### MATERIAL TO PROCESS
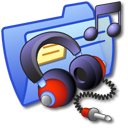 Folder Blue Music 2 Icon, Folder Blue Music 2,iCandy Junior,System,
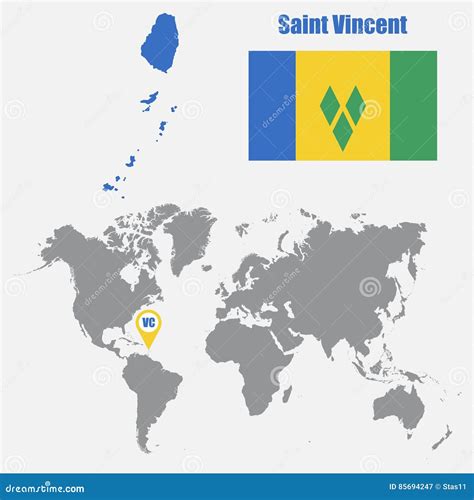 Saint Vincent Map on a World Map with Flag and Map Pointer. Vector Illustration Stock ...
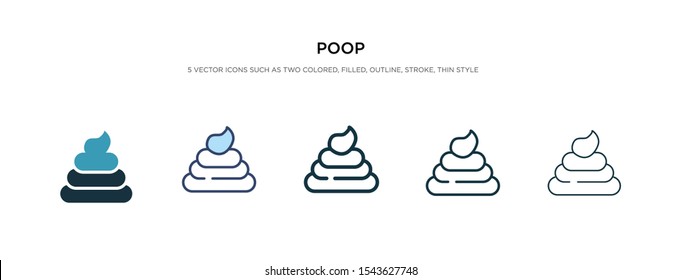 poop icon in different style vector illustration. two colored and black poop vector icons designed in filled, outline, line and stroke style can be used for web, mobile, ui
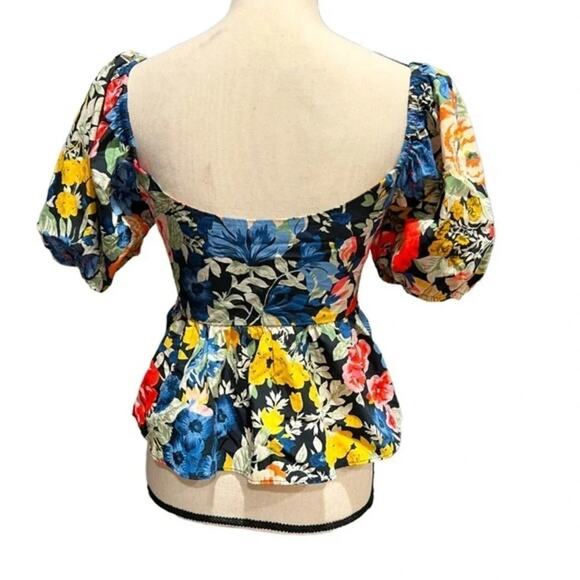 ZARA Trafaluc PRINTED DRAPED TOP FLORAL CROPPED Size S - Picture 7 of 10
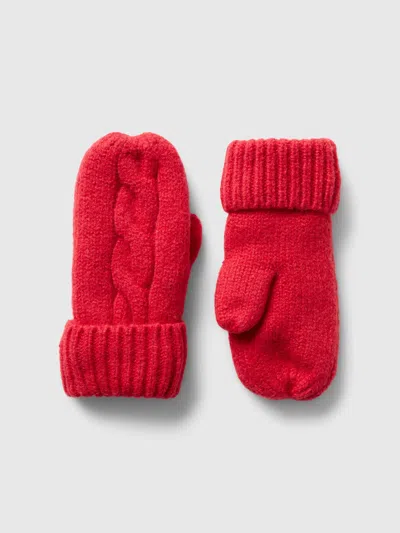 Gap Babies' Toddler Cashsoft Cable-knit Mittens In Modern Red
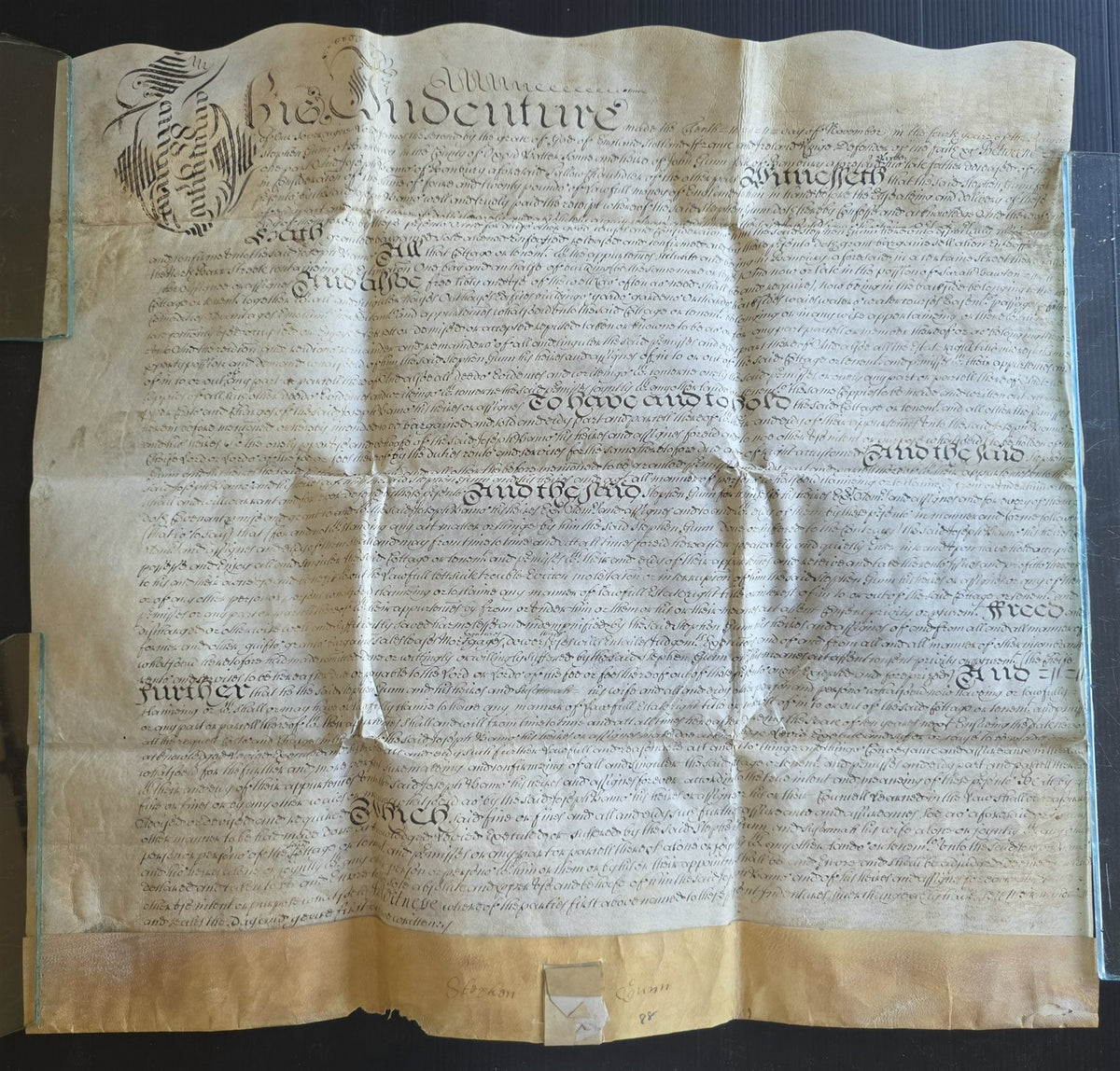 1688 MANUSCRIPT INDENTURE on VELLUM in ENGLISH antique 21 x 22.5"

### ACTIVITY
Your copy should hold exactly the lines from the line containing "Illustration Stock ..." through the last line of the listing above, both included, and no pictures.

### RESULT
 Saint Vincent Map on a World Map with Flag and Map Pointer. Vector Illustration Stock ...
 poop icon in different style vector illustration. two colored and black poop vector icons designed in filled, outline, line and stroke style can be used for web, mobile, ui
 ZARA Trafaluc PRINTED DRAPED TOP FLORAL CROPPED Size S - Picture 7 of 10
 Gap Babies' Toddler Cashsoft Cable-knit Mittens In Modern Red
 1688 MANUSCRIPT INDENTURE on VELLUM in ENGLISH antique 21 x 22.5"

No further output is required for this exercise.